Segment Open
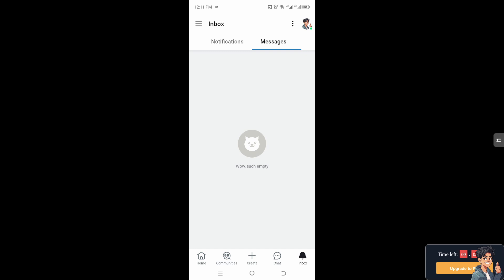But the thing is, to be able to delete messages here on the Reddit app, well technically you cannot delete messages in the Reddit app.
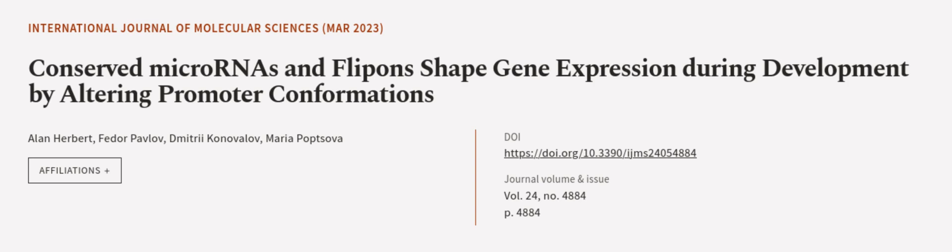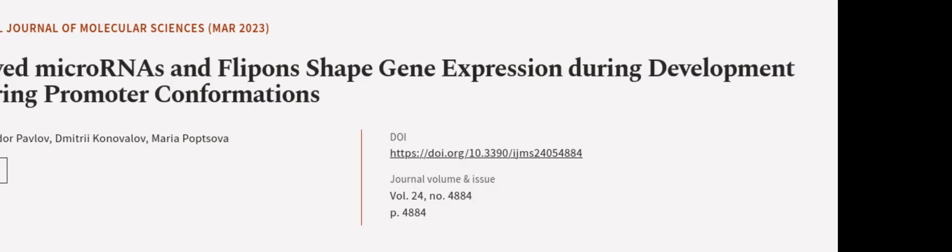This article was authored by Alan Herbert, Fedor Pavlov, Dmitry Kanovalov, and others. We are article.tv, links in the description below.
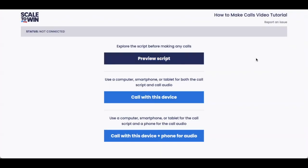Hello and welcome from Scale2Win. Today I'm going to show you how to make calls with a Scale2Win dialer. By the end of this video, you'll know the ins and outs of how to make calls and how to document those meaningful conversations that you're having.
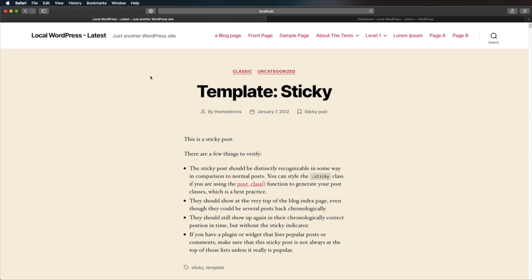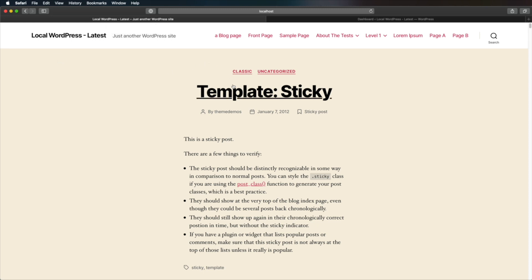Before we change it, let's check out exactly where our website title appears. First of all, it appears right here in your browser. In my case, the title is 'local WordPress - latest', and on the current theme that I'm using, it appears right here in the header.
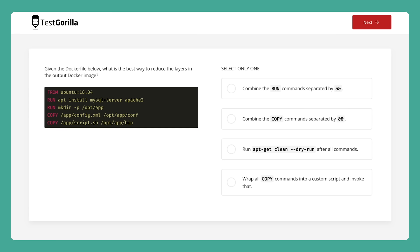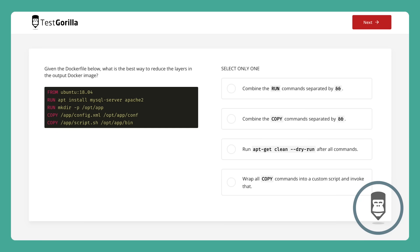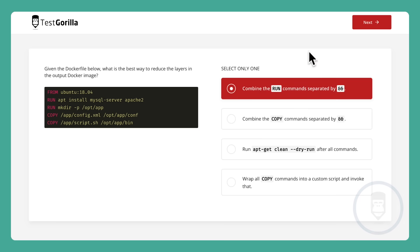If you haven't, or you're not a developer, no worries. Just take this time to look over the question and the different answers. It'll give you a good idea of what your candidates will experience on the actual test. All right, time's up — let's see what the answer is.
Segment Closed
▶ Exercise instructions
Each entry needs to be returned verbatim, with its pictures left out.

▶ Exercise solution
But the thing is, to be able to delete messages here on the Reddit app, well technically you cannot delete messages in the Reddit app.
This article was authored by Alan Herbert, Fedor Pavlov, Dmitry Kanovalov, and others. We are article.tv, links in the description below.
Hello and welcome from Scale2Win. Today I'm going to show you how to make calls with a Scale2Win dialer. By the end of this video, you'll know the ins and outs of how to make calls and how to document those meaningful conversations that you're having.
Before we change it, let's check out exactly where our website title appears. First of all, it appears right here in your browser. In my case, the title is 'local WordPress - latest', and on the current theme that I'm using, it appears right here in the header.
If you haven't, or you're not a developer, no worries. Just take this time to look over the question and the different answers. It'll give you a good idea of what your candidates will experience on the actual test. All right, time's up — let's see what the answer is.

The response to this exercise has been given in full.